When you hire a designer for your embedded/custom solutions, what you give him is a sizable order during a reasonable time period, normally exceeding the retail time frame of this given SKU. You usually refrain from going to top SKUs and bleeding edge hardware because they are expensive and you have all the interest in keeping your BoM as low as possible, you want a race to the bottom, and at this moment you aren't really committed to any hardware vendor, you surely will ask for prices in more than one place. This usually lowers price and margins from the hardware company, not a nice business in the first sight. Why they bid then? Because for the MPU company embedded will generate a small, steady steam of profits that when you put in a spam of many years, it will yield good ROI, it just won't be fast.

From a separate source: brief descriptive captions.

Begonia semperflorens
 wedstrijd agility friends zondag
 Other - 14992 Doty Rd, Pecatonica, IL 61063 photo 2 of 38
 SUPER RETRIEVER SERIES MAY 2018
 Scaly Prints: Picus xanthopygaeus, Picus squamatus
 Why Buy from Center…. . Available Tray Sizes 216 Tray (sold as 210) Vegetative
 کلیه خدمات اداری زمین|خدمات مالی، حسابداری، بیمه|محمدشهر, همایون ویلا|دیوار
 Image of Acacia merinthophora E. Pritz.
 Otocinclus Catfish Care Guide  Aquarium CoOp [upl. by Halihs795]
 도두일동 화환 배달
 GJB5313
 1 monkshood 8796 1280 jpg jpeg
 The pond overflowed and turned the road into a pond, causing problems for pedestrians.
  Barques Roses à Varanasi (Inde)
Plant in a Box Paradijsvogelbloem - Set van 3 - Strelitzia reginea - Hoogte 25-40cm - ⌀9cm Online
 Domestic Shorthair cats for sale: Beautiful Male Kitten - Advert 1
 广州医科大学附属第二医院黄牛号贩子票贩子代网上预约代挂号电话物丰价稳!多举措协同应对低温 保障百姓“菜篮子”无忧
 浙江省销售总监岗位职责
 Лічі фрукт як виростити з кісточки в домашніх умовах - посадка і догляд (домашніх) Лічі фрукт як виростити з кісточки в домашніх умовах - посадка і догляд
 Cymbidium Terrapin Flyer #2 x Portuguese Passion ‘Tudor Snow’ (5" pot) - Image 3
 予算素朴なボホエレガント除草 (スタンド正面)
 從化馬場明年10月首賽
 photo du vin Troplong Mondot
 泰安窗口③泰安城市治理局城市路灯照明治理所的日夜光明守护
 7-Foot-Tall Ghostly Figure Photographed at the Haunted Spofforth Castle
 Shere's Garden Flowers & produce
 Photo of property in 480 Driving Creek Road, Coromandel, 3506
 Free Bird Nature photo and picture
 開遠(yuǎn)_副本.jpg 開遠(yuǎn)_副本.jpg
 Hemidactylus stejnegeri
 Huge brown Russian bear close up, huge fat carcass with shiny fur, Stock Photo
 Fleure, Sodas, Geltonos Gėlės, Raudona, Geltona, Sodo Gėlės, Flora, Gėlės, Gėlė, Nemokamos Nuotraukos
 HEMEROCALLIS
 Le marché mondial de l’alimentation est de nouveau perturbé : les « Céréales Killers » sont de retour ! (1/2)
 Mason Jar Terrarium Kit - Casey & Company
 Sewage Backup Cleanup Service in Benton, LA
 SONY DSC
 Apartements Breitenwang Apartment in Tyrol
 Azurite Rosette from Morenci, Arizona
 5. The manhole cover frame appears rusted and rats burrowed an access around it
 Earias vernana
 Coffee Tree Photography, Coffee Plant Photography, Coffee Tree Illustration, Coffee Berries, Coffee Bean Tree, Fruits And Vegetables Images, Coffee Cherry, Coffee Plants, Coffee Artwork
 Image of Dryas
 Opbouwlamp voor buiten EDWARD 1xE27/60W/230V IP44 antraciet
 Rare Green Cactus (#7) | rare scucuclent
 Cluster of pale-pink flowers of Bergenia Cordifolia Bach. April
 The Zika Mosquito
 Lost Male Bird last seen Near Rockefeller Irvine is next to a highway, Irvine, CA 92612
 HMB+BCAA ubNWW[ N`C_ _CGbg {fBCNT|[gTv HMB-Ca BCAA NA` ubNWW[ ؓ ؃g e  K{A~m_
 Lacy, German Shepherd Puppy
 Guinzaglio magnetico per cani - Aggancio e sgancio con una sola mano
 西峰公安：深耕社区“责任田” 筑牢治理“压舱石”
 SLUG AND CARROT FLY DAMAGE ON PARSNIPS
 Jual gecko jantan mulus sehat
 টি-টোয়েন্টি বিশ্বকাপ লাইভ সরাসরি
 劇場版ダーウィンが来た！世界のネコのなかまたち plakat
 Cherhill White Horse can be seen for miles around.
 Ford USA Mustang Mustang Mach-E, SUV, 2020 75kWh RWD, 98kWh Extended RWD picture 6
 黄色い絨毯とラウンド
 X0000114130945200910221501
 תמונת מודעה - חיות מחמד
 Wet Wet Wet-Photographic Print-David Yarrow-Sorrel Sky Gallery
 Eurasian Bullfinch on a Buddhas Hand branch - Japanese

And this is *exactly* the opposite of what a bleeding edge company needs. Companies working in a bleeding edge need returns in a very short time frame in order to reinvest this cash (and it's always more than in the previous generation) to pull out another bleeding edge product and restart the cycle. High returns in a very short time, this is the bleeding edge mantra. And that's why Intel has been consistently shunning the embedded market, it simply won't generate returns fast enough for Intel. AMD was doing the same until Bulldozer, but as of now their market has gone kaput, between low returns on embedded or no returns at all, the choice is clear.
When I first listened to Rory Read speech about giving up competition on Intel I thought it was rhetoric only, but it isn't. All the moves he's been making, tying themselves to a subpar foundry, slowing down R&D, going to "me too" ARM cores, using nodes for more time, ditching SOI, focusing on low returns market etc etc etc, point for a company leaving the bleeding edge and trying to get a place on the lagging edge market, not a company trying to directly compete against Intel and whatever other bleeding edge company out there.
This means that not even Kabini they will be bleeding edge anymore. AMD will probably be competing with 28nm chips when Intel will be with their 14nm and the ARM pack at 20nm. I don't think AMD is a problem for Intel anymore. They are fading away, they won't be in the same market in the next 3-4 years.